__What you are asked to do__:
Only the stretch of the listing below that runs from the line with "Blush Pink Green" through the line with "Treehouse Metal Tree Decoration (Front)" is to be printed, exactly and with both ends.

__Entries provided__:
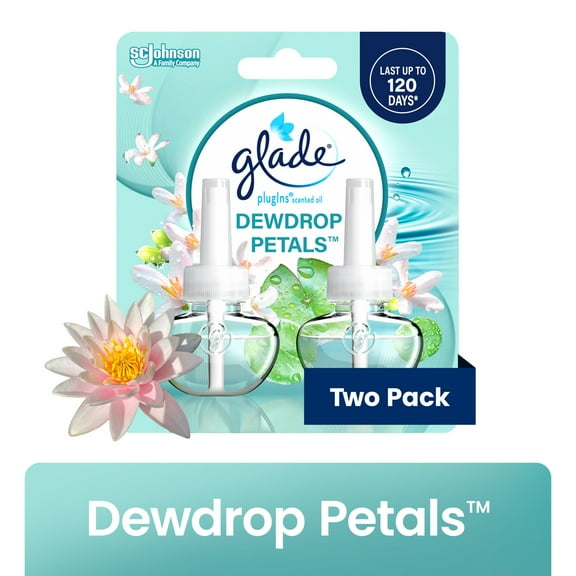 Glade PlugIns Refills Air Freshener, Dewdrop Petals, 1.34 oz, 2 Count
* * *
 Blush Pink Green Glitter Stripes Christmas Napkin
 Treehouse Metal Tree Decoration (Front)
==
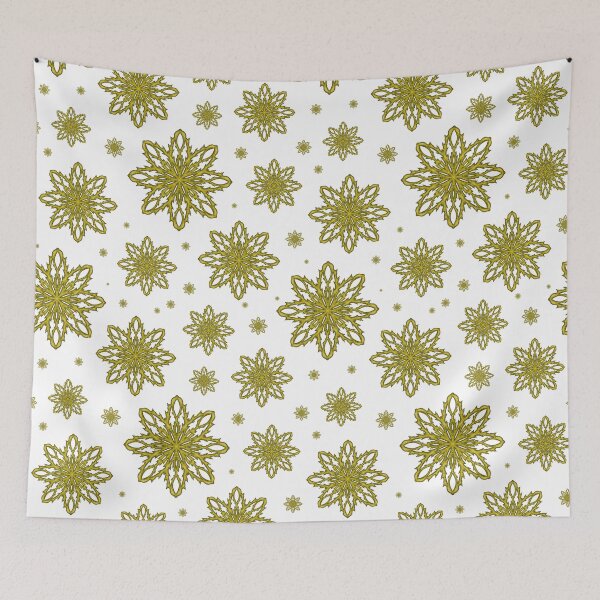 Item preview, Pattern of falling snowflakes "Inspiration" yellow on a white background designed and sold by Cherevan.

__Answer space__:
 Blush Pink Green Glitter Stripes Christmas Napkin
 Treehouse Metal Tree Decoration (Front)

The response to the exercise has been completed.